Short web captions

-=-=-

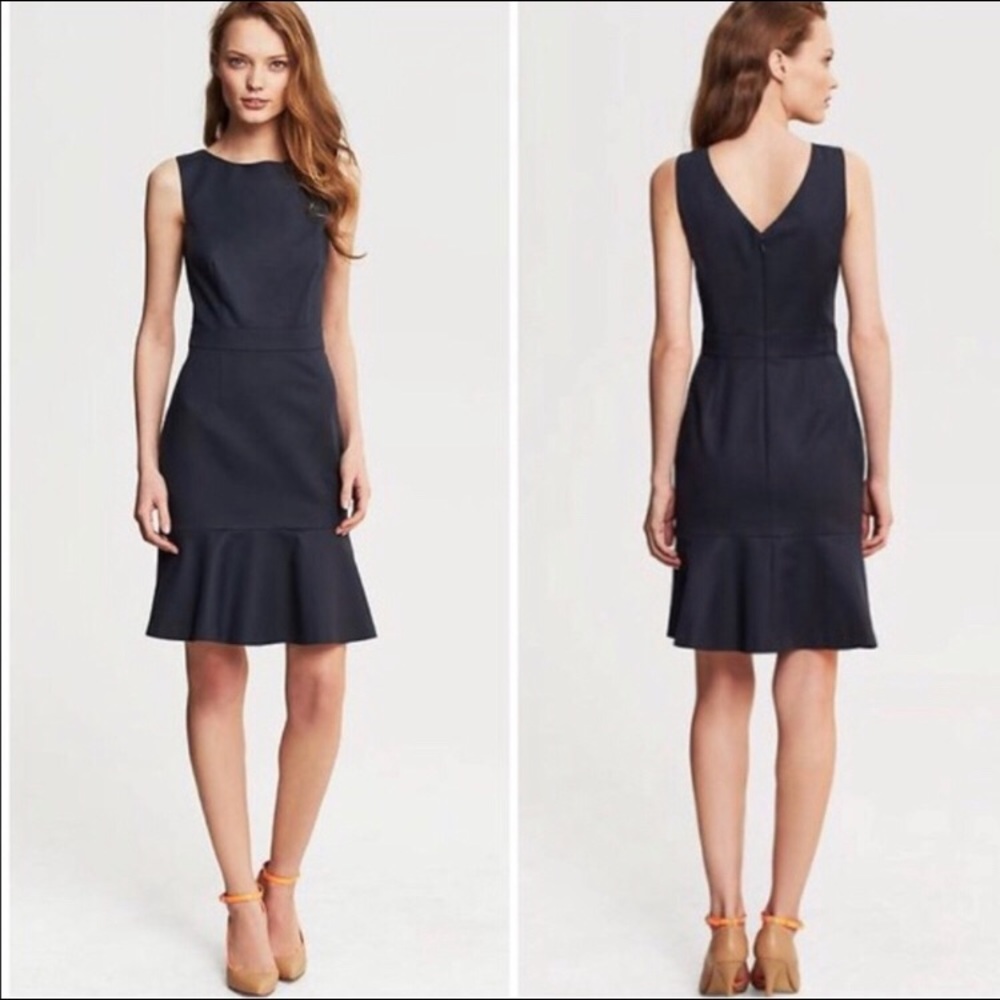 Banana republic sleek flounce bodycon navy dress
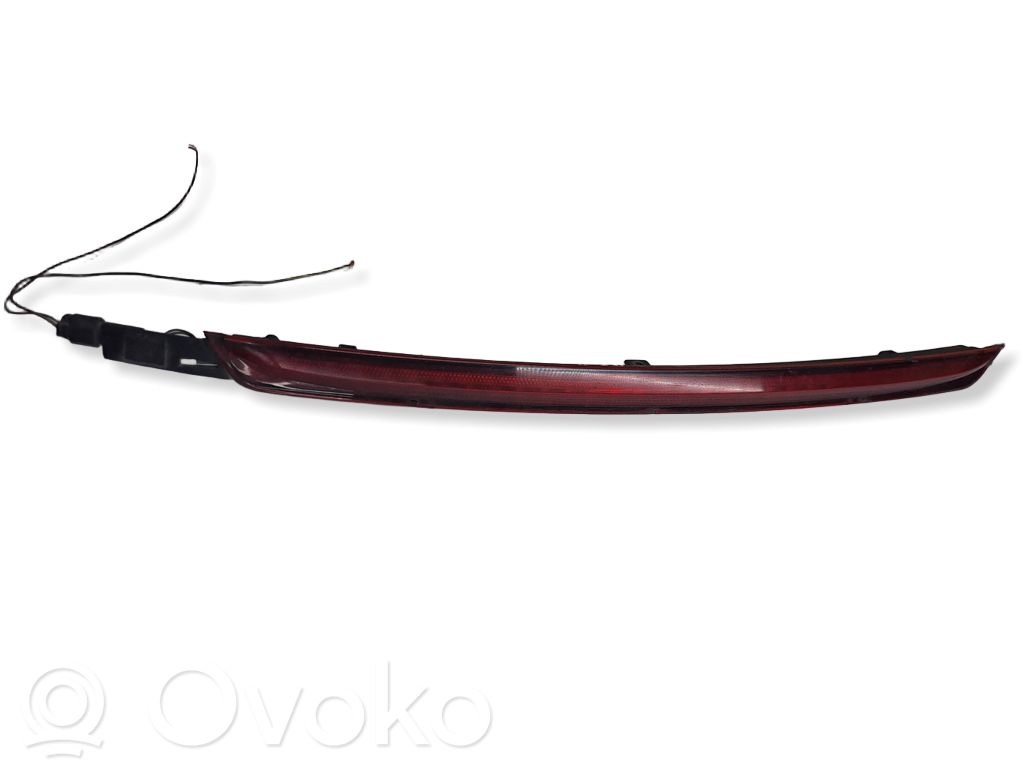 Kolmas/lisäjarruvalo   63258368764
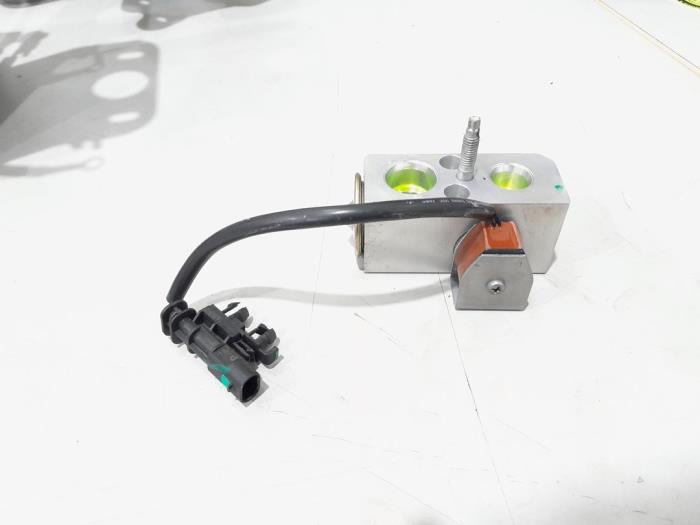 Gebruikte Airco expansieklep Lynk &amp; Co 01 1.5 PHEV Prijs € 25,00 Margeregeling aangeboden door GEJO Revisie & Onderdelen BV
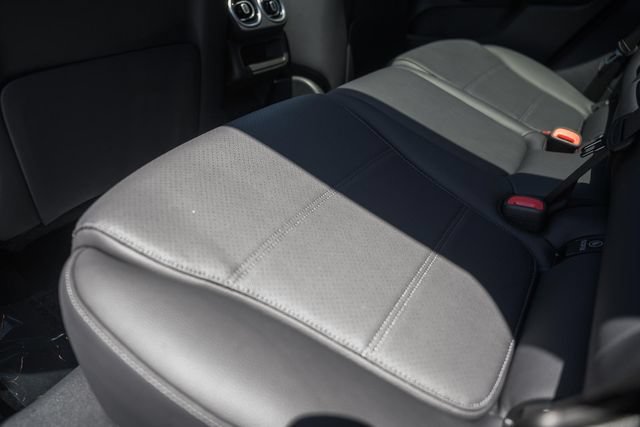 Certified 2025 Mercedes-Benz GLC 300 4MATIC w/ Driver Assistance Package image 31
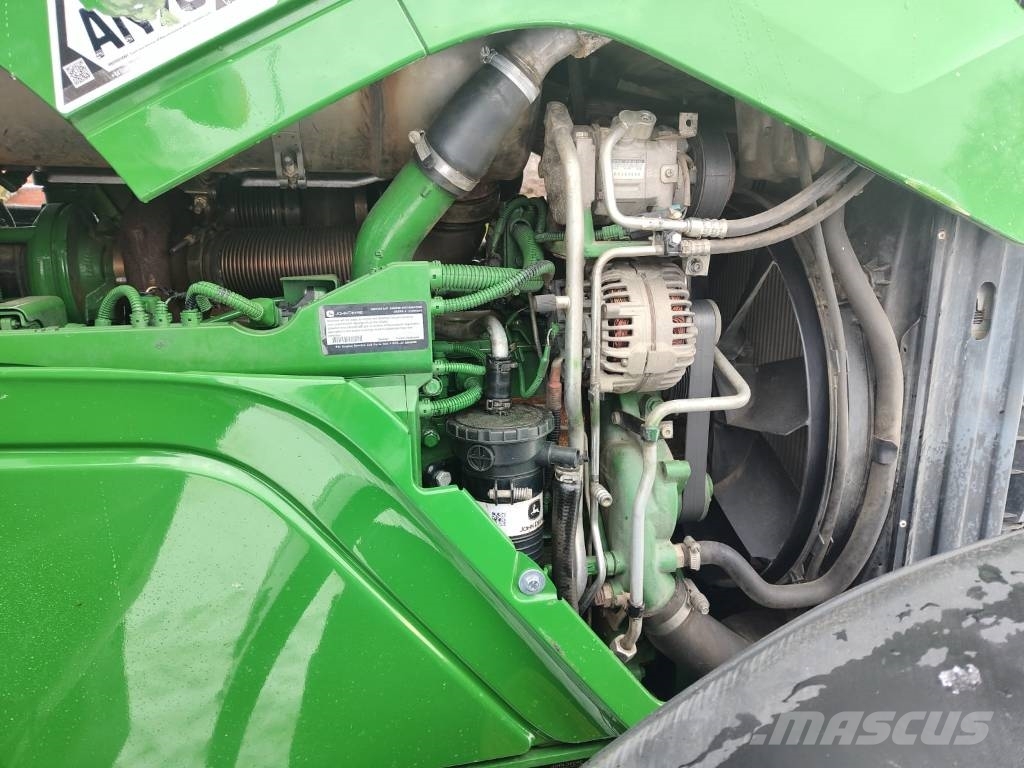 John Deere 6215 R AutoPower الجرارات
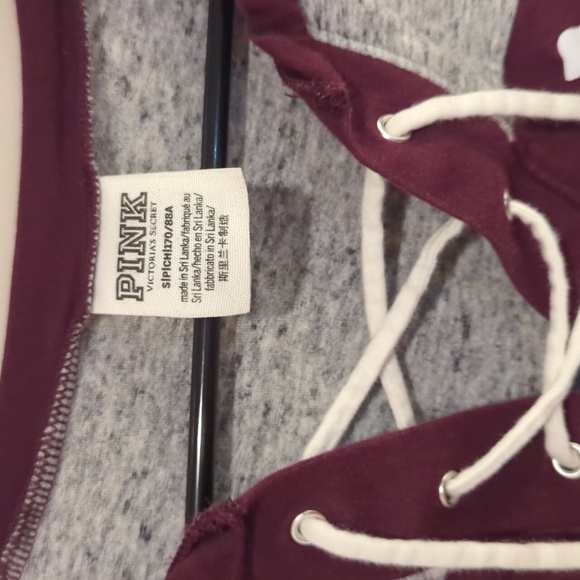 XL burgundy and Heather grey varsity lace up PINK T shirt. - Picture 3 of 3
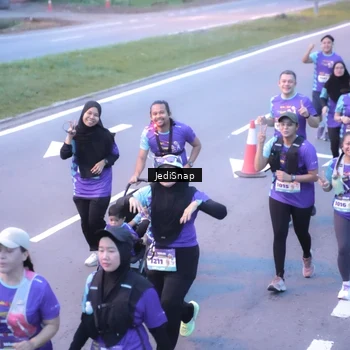 Runner Photo 8245365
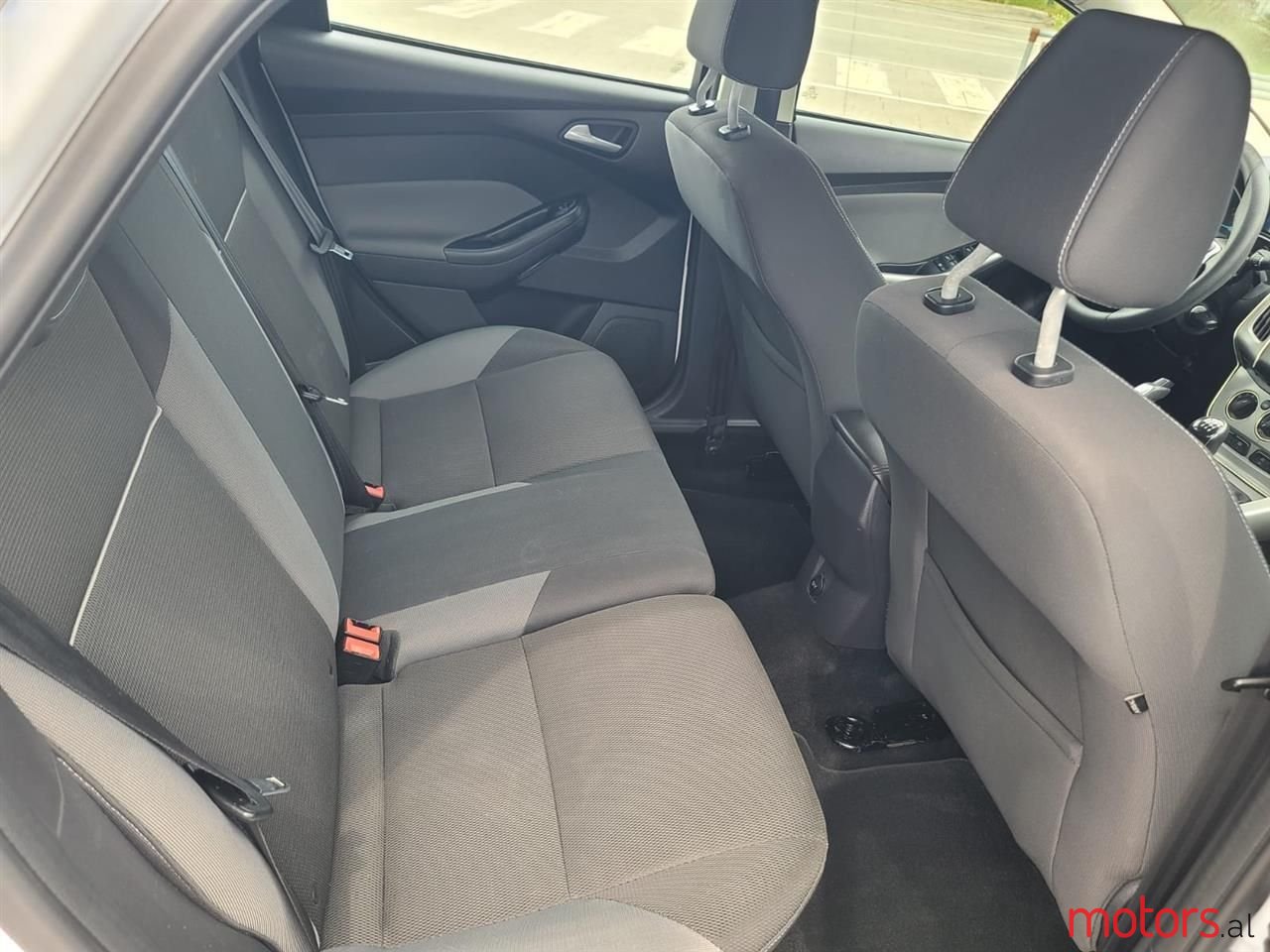 2012' Ford Focus photo #6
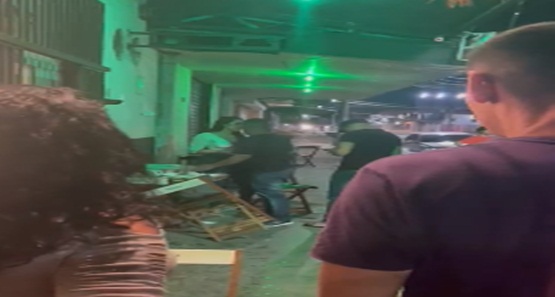 Blogueira famosa de Porto Velho briga com mulher em bar da capital 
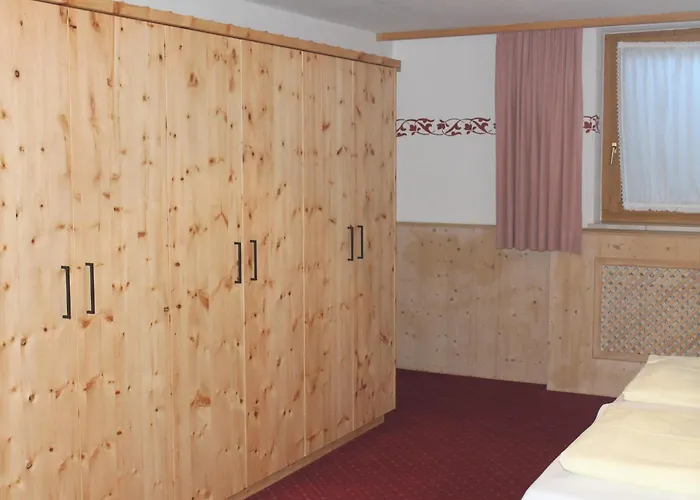 Apartment Ferienapartmenthaus Hubertushof Mittenwald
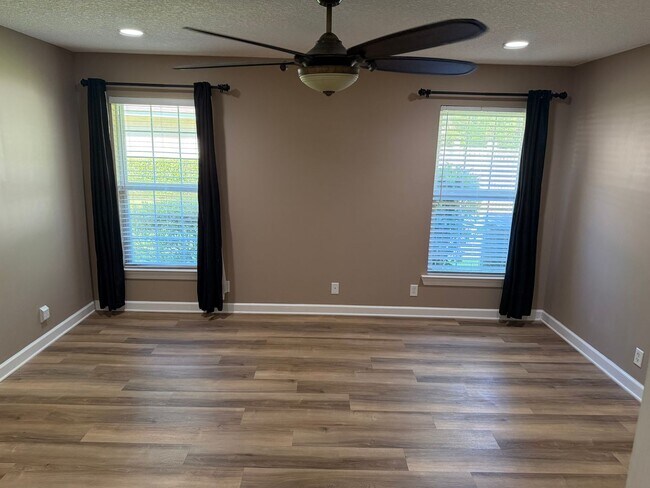 Building Photo - 212 Autumn Ridge Ct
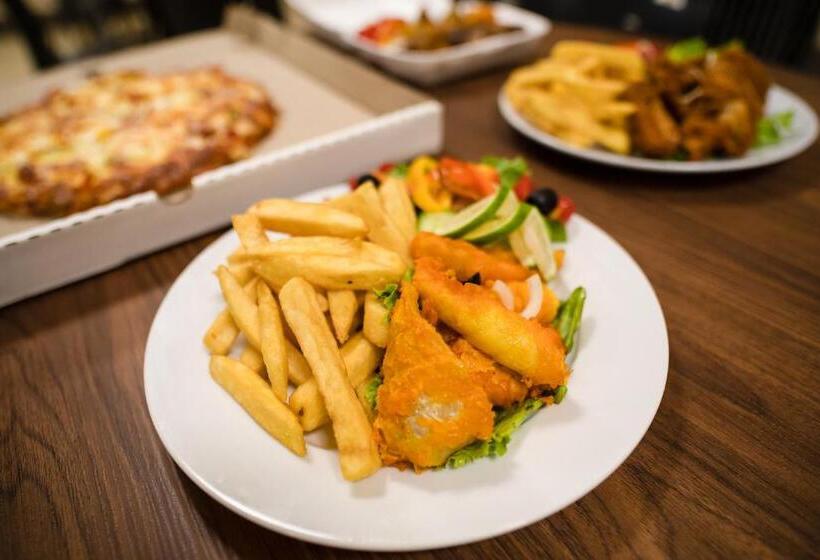 호텔 Green Hills Accommodation Village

-=-=-

(Aim of the exercise):
Repeat nothing but the lines from the one containing "2012' Ford Focus photo #6" through the end of the entries, exactly, and skip the pictures.

(Output of the exercise):
 2012' Ford Focus photo #6
 Blogueira famosa de Porto Velho briga com mulher em bar da capital 
 Apartment Ferienapartmenthaus Hubertushof Mittenwald
 Building Photo - 212 Autumn Ridge Ct
 호텔 Green Hills Accommodation Village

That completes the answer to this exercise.